Ce phénomène dénommé « aliénation parentale » a été découvert et analysé depuis plus de 20 ans par Richard A.GARDNER Professeur de pédopsychiatrie à l'université de Columbia USA.
Il s'agit d'un désordre psychologique qui atteint l'enfant lorsque l'un des parents lui fait subir « un lavage de cerveau » visant à détruire l'image de l'autre parent.
Ceci amène l’enfant à faire indissolublement corps avec le parent aliénant, conformément au désir de celui-ci, en rejetant et diabolisant l’autre parent qu’il aimait pourtant auparavant.
Selon la description faite par Richard GARDNER, quatre critères permettent d’identifier l’action du parent aliénant :
- l'entrave à la relation et au contact de l’enfant avec l’autre parent ;
- les fausses allégations d'abus divers ;
- la réaction de peur des enfants ;
- la détérioration de la relation depuis la séparation.
Richard GARDNER décrit 8 manifestations cliniques chez l'enfant :
- le dénigrement du parent aliéné ;
- l'absence ou la quasi-absence d'explications par l'enfant de son attitude vis-à-vis du parent aliéné ;
- l'extrême certitude de l'enfant dans ses propos ;
- la sensation d'indépendance de l'enfant qui pense ne pas être influencé ;
- le soutien absolu de l'enfant au parent aliénant ;
- l'enfant ne se sent absolument pas coupable de ses actes de dénigrement ;
- les inventions par l'enfant de faits n'ayant jamais eu lieu ;
- les proches du parent aliéné font aussi l'objet de dénigrement par l'enfant.
L'aliénation parentale est un syndrome psychologique qui, est malheureusement trop courant et met l'enfant en danger.

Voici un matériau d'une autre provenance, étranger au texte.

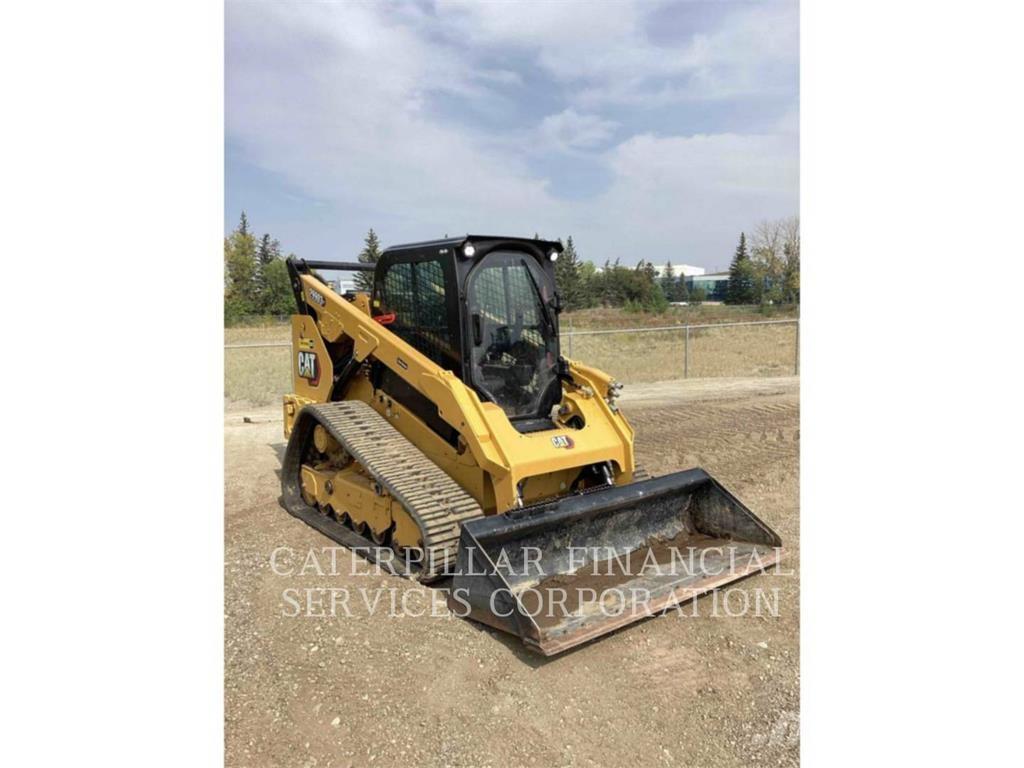 CAT 299D3XE Laderaupen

Il est difficile de contrecarrer un syndrome d'aliénation parentale en place.
Il faut pouvoir diagnostiquer au plus tôt le risque d’apparition de ce syndrome et prendre les mesures judiciaires appropriées qui peuvent aller jusqu'à un changement de la résidence principale de l'enfant.
Toutefois, en France cette réalité est malheureusement trop souvent ignorée par les juridictions spécialisées, qui relèvent pourtant fréquemment les notions de «conflit de
loyauté » ou «d'instrumentalisation des enfants».
La Cour Européenne des droits de l'homme a situé le débat sur le terrain de l'article 8 de la Convention qui implique le droit d'un parent à des mesures propres à le réunir à son enfant et l'obligation pour les autorités nationales de faire appliquer ces dispositions.
Cette juridiction a d’ailleurs rendu une décision encore plus explicite le 18 janvier 2007 sur le thème de l'aliénation parentale (Zavrel cl Rép.tchèque, n° 14044/05).
Une jurisprudence du Juge aux Affaires Familiales de TOULON du 4 juin 2007 fait également expressément référence au syndrome d'aliénation parentale.